▶ **Exercise details**:
With pictures left out, please repeat word for word the lines from the one containing "10545 NW 11th" through the end of the records.

Records from a data collection
-*-*-
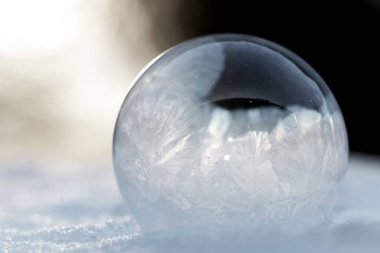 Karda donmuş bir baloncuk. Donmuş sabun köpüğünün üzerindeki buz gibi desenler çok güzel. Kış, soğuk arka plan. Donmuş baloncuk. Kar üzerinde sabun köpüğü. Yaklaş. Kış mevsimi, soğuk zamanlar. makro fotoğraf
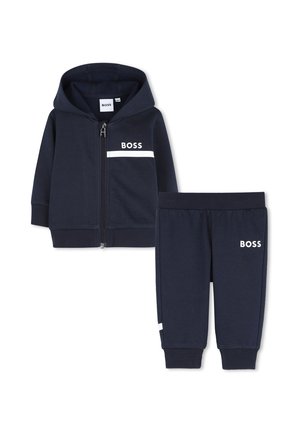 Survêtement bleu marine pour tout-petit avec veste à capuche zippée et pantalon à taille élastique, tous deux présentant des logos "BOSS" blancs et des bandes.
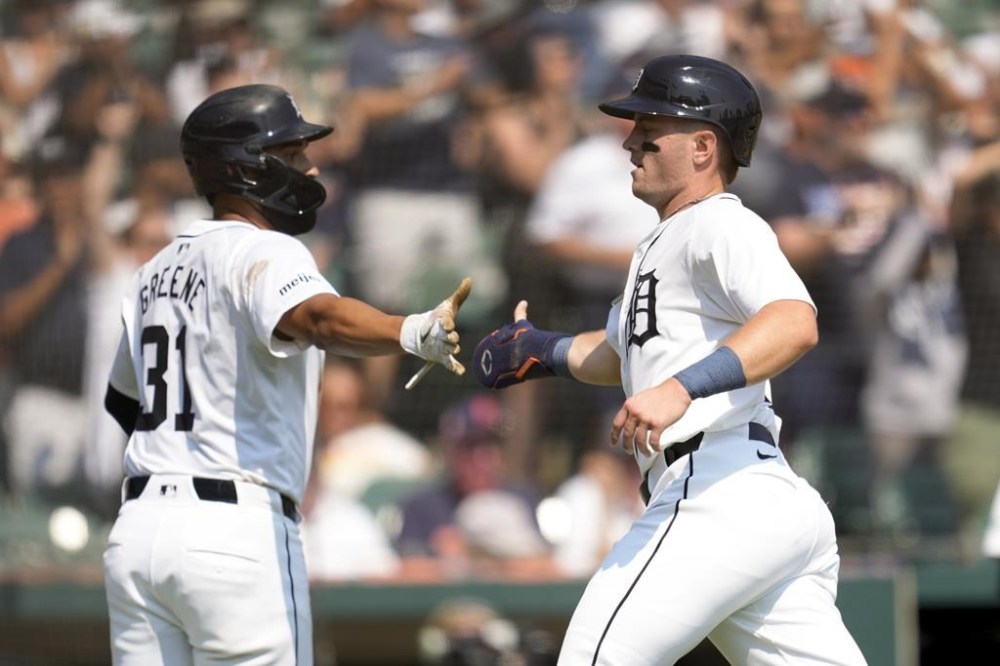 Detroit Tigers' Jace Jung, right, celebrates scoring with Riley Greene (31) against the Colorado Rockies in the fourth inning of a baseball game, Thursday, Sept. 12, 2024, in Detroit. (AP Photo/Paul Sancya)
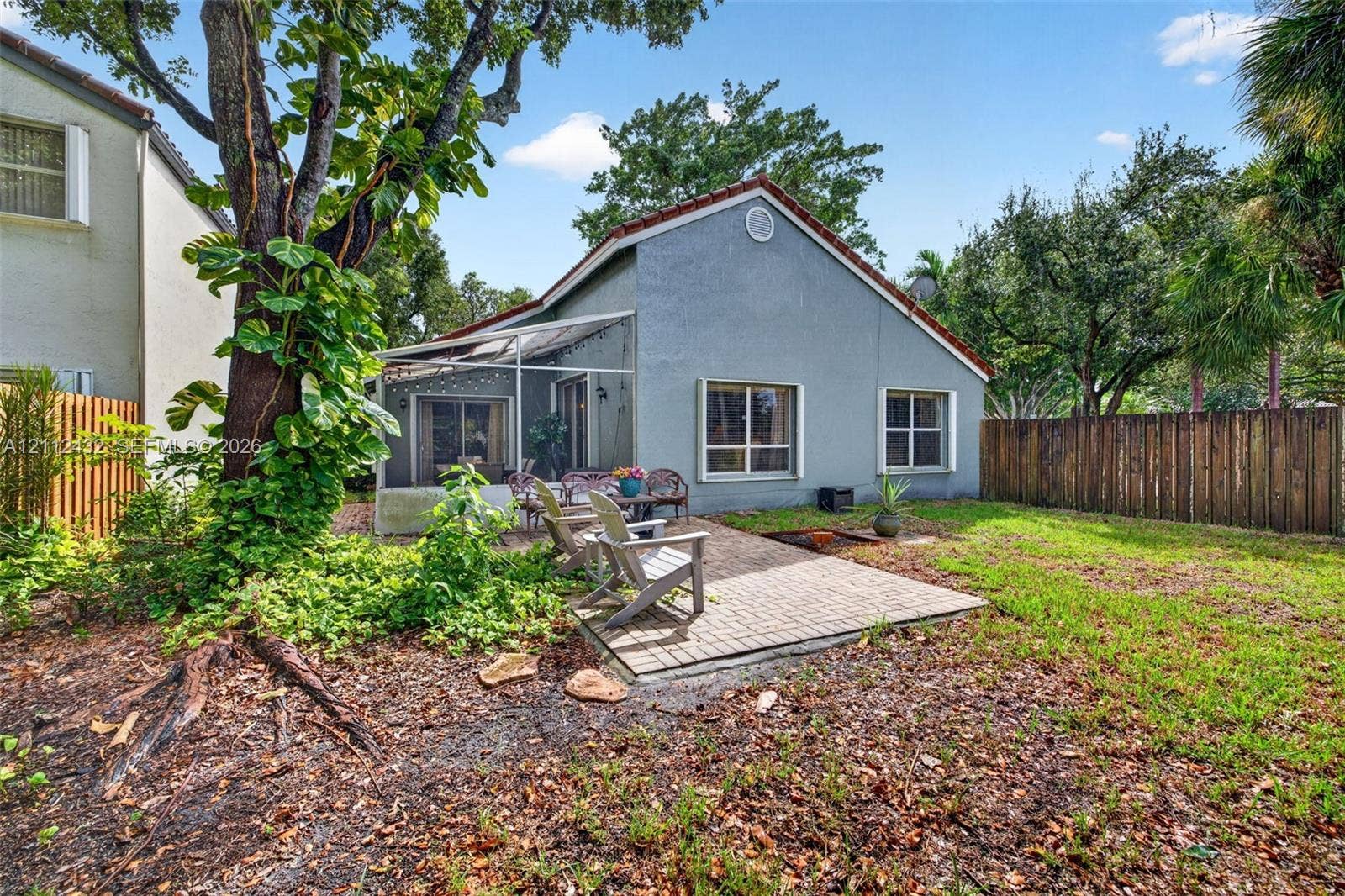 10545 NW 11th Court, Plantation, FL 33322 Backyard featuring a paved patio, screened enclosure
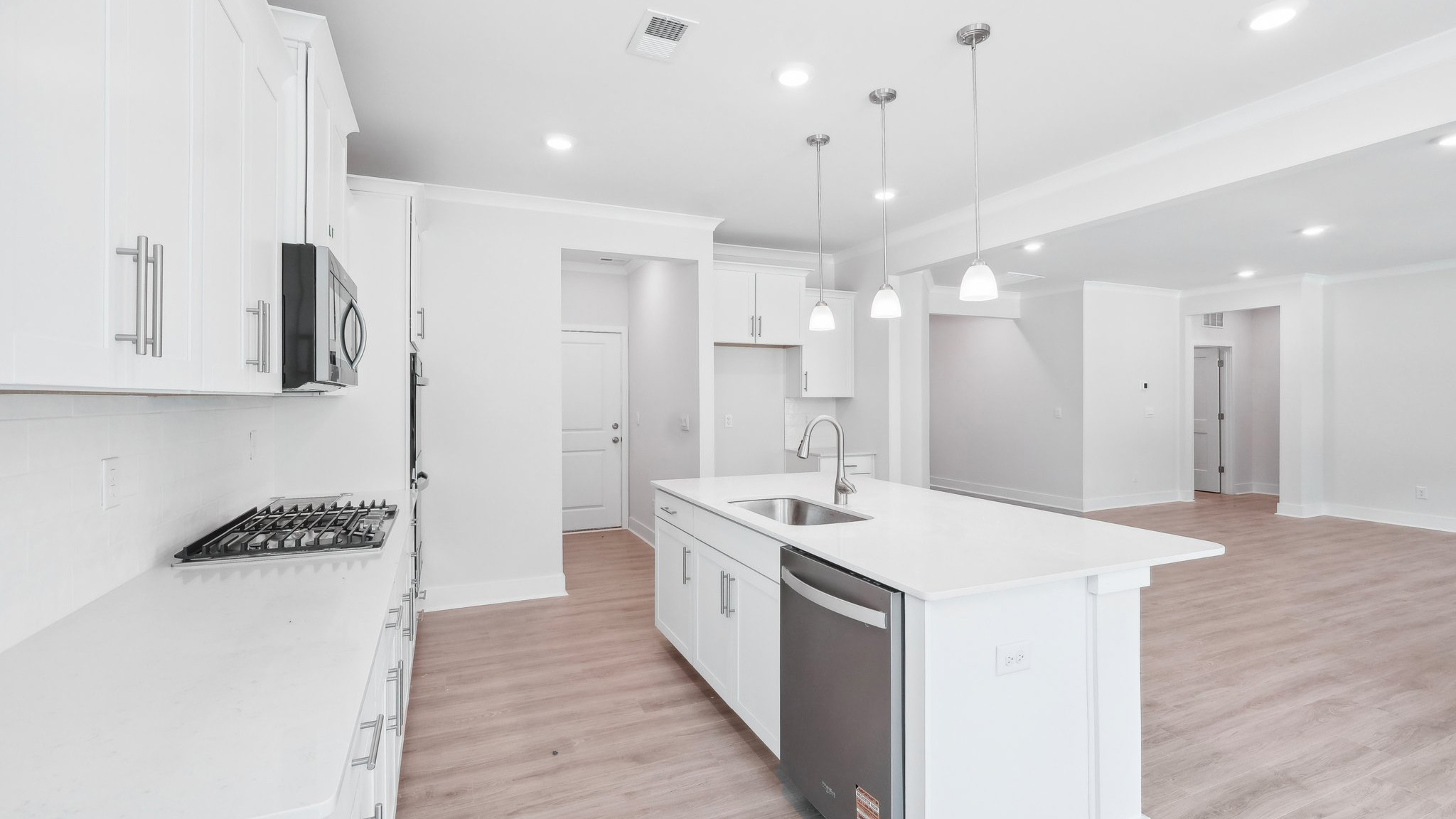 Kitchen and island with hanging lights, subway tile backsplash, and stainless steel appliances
-*-*-
▶ **Written solution**:
 10545 NW 11th Court, Plantation, FL 33322 Backyard featuring a paved patio, screened enclosure
 Kitchen and island with hanging lights, subway tile backsplash, and stainless steel appliances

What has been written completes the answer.